==== DATASET SECTION
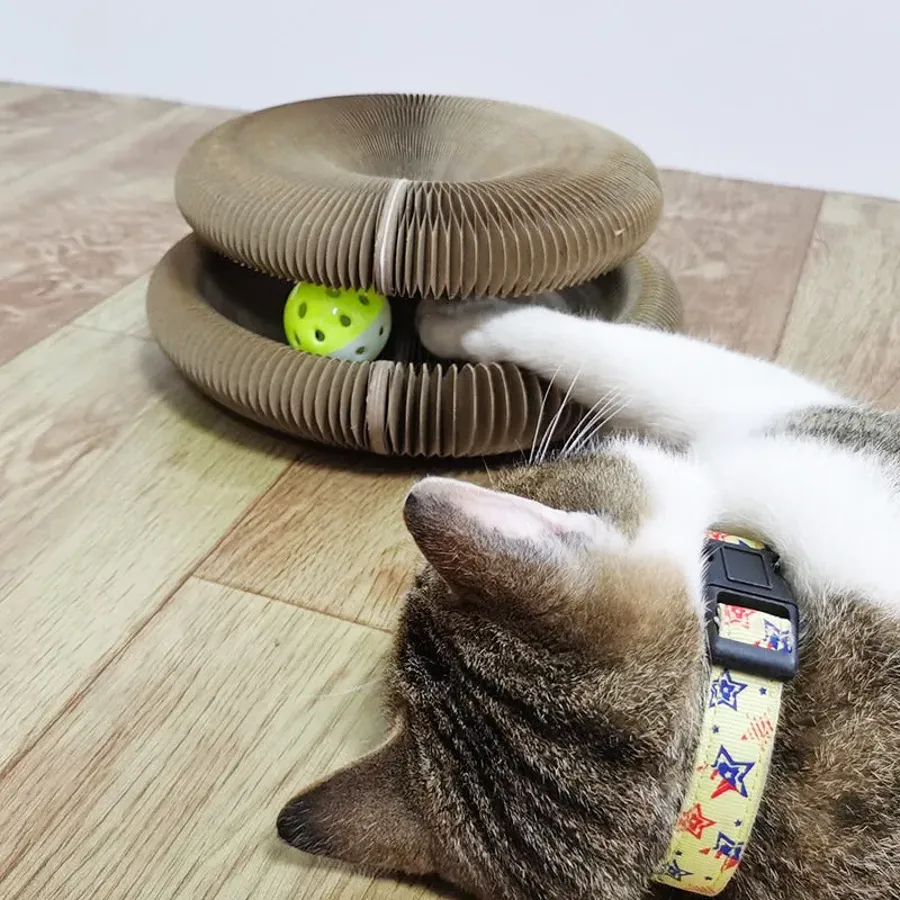 Magic Organ Cat Scratching Board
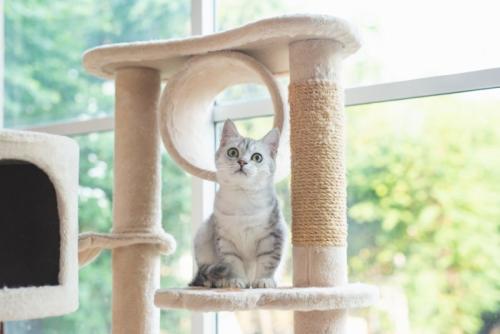 キャットタワーと子猫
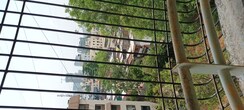 2 BHK Apartment For Rent in Pooja Sankul Apartment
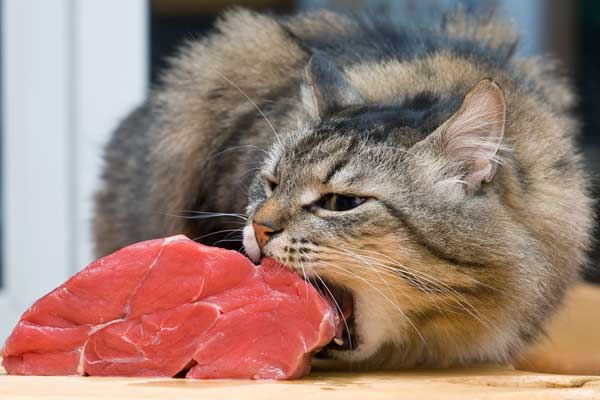cat-eats-meat - HolidayCat.cz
========
▸ TASK DIRECTIONS: Return the listing verbatim, pictures omitted.

▸ ANSWER AREA:
 Magic Organ Cat Scratching Board
 キャットタワーと子猫
 2 BHK Apartment For Rent in Pooja Sankul Apartment
cat-eats-meat - HolidayCat.cz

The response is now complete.